Extract the text of every entry below exactly; leave images out.

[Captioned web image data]
********
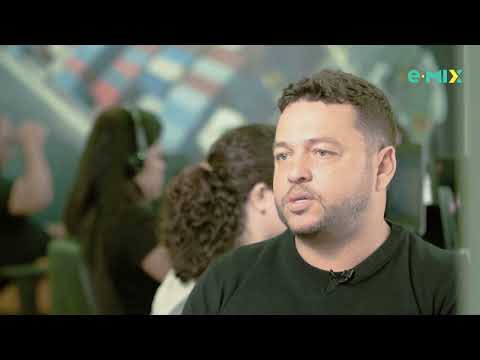 Eloi Filho - A comunicação é muito mais ágil, rápida e preventiva.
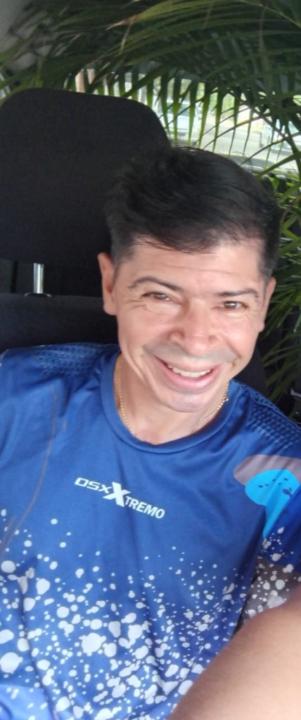 Claudio Godoy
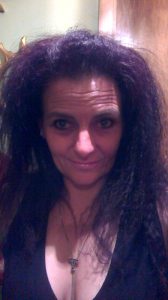 Profilbild von Daniela Bär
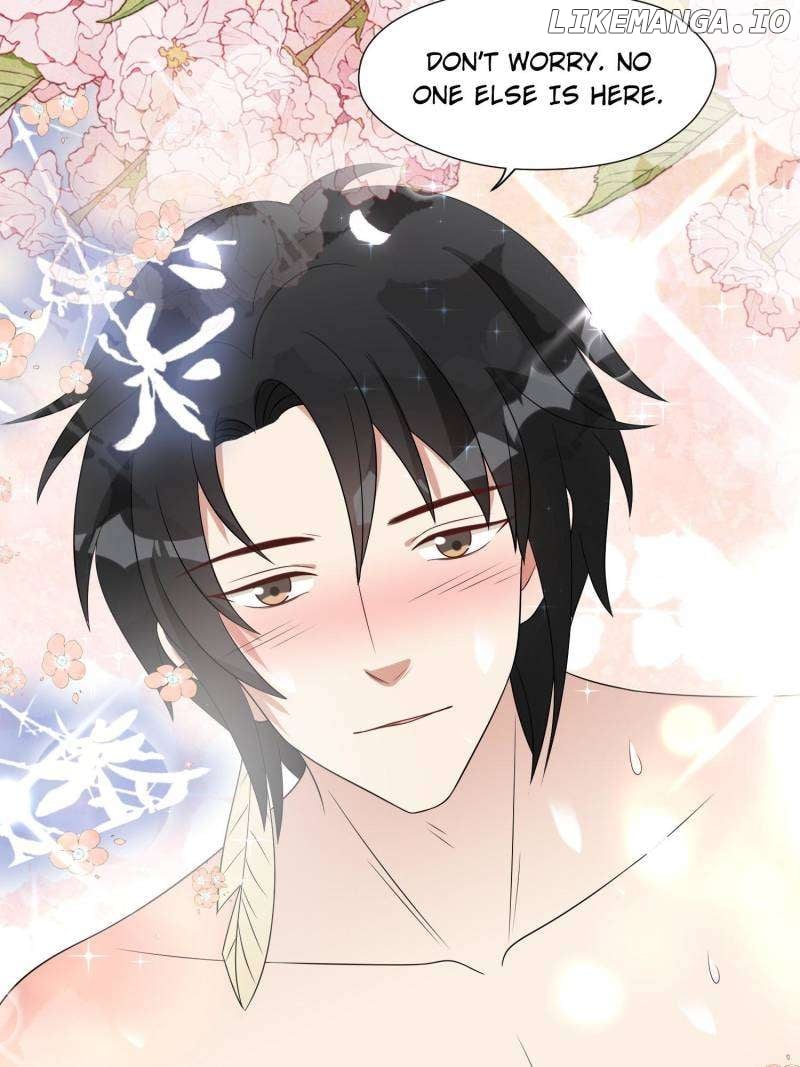 I Became the Beastman’s Wife Chapter 268 - Page 12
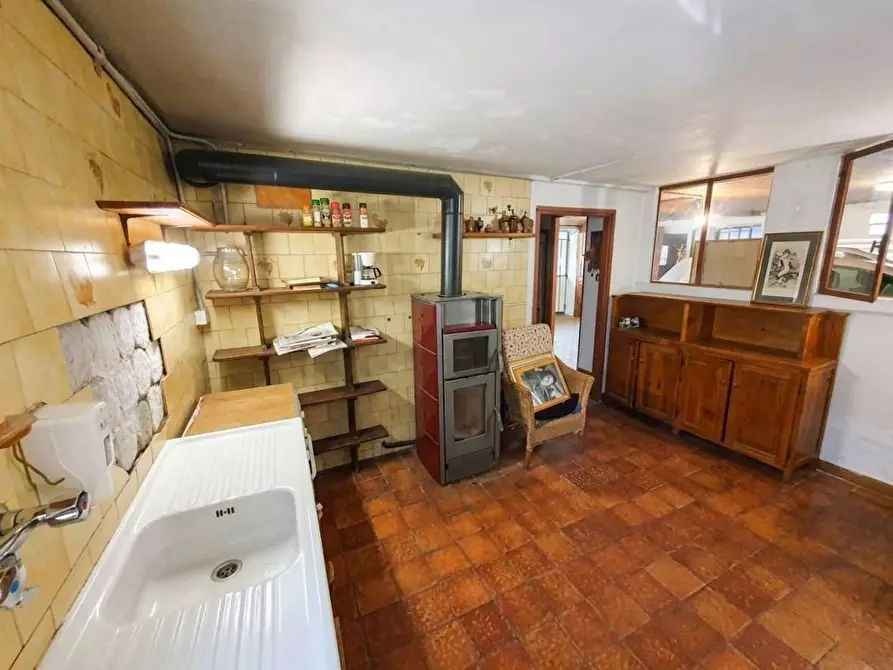 Immagine 12 di Casa indipendente in vendita  in Via del parco 32 a Rivoli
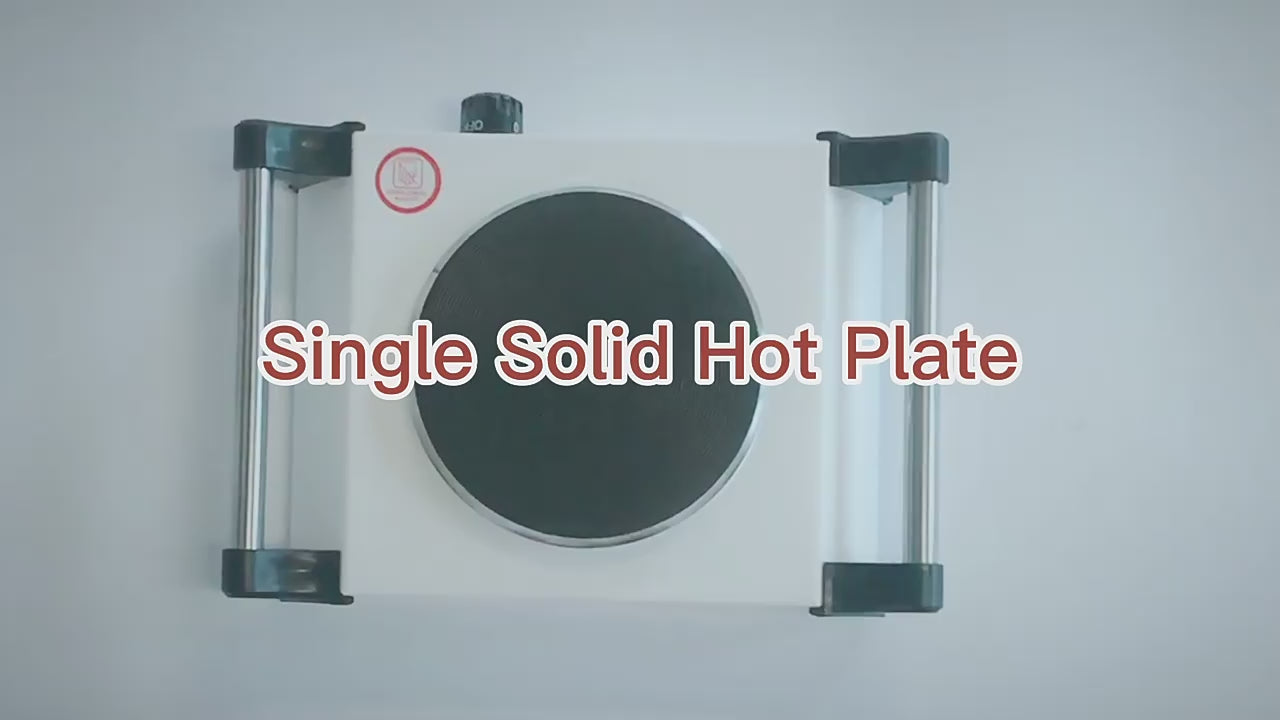 Portable Electric Stove
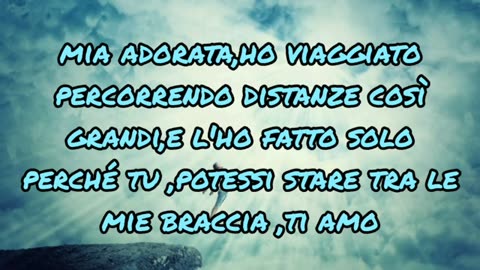 "A viagem "-Roupa Nova(1994)-traduzione in italiano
********
*ANSWER TO THE EXERCISE:*
 Eloi Filho - A comunicação é muito mais ágil, rápida e preventiva.
 Claudio Godoy
 Profilbild von Daniela Bär
 I Became the Beastman’s Wife Chapter 268 - Page 12
 Immagine 12 di Casa indipendente in vendita  in Via del parco 32 a Rivoli
 Portable Electric Stove
 "A viagem "-Roupa Nova(1994)-traduzione in italiano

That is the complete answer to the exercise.